Abstract

Comparisons are made between the Advection–Diffusion Equation (ADE) approach for particle transport and the two-fluid model approach based on the PDF method. In principle, the ADE approach offers a much simpler way of calculating the inertial deposition of particles in a turbulent boundary layer than that based on the PDF approach. However the ADE equations that have recently been used are only strictly valid for a simple Gaussian process when particle inertia is small. Using a prescribed, but in general non-Gaussian random particle velocity field, it is shown that the net particle mass flux contains a drift term in addition to that from the mean velocity of the particle velocity field, associated with the compressibility of the velocity field.

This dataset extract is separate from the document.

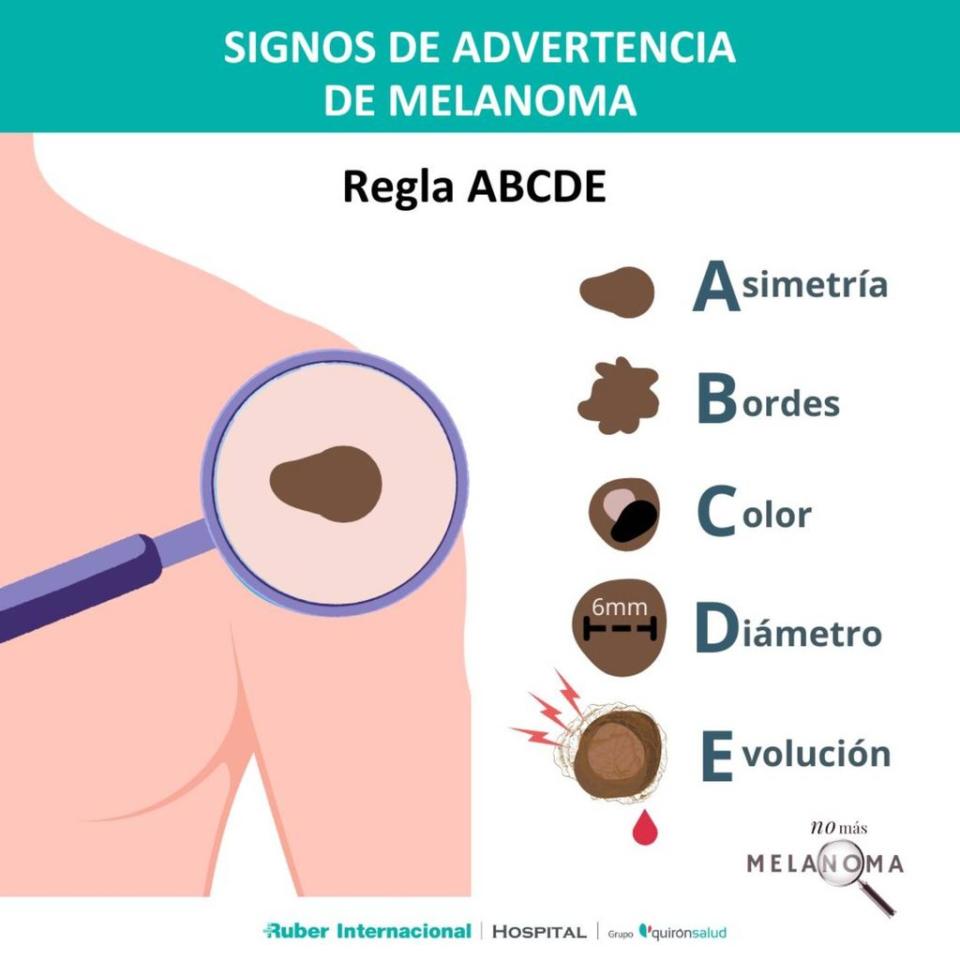 Imagen que describe cómo identificar un melanoma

Furthermore the diffusive flux in general depends not only upon the gradient of the mean concentration (true only for a Gaussian random flow field) but also upon higher order derivatives whose relative contribution depends on diffusion coefficients D ijk… etc. These coefficients depend upon the statistical moments associated with random displacements and compressibility of the particle flow field along particle trajectories which in turn depend upon particle inertia. In contrast the PDF approach offers the advantage of using a simple gradient (Gaussian) approximation in particle phase space which can lead to a non-Gaussian spatial dispersion process when particle inertia is important. Conditions based on the particle mean free path are derived for which a simple ADE is appropriate. Some of the features of particle transport in an inhomogeneous turbulent flow are illustrated by examining particle dispersion in a random flow field composed of pairs of counter rotating vortices which has an rms velocity which increase linearly from a stagnation point.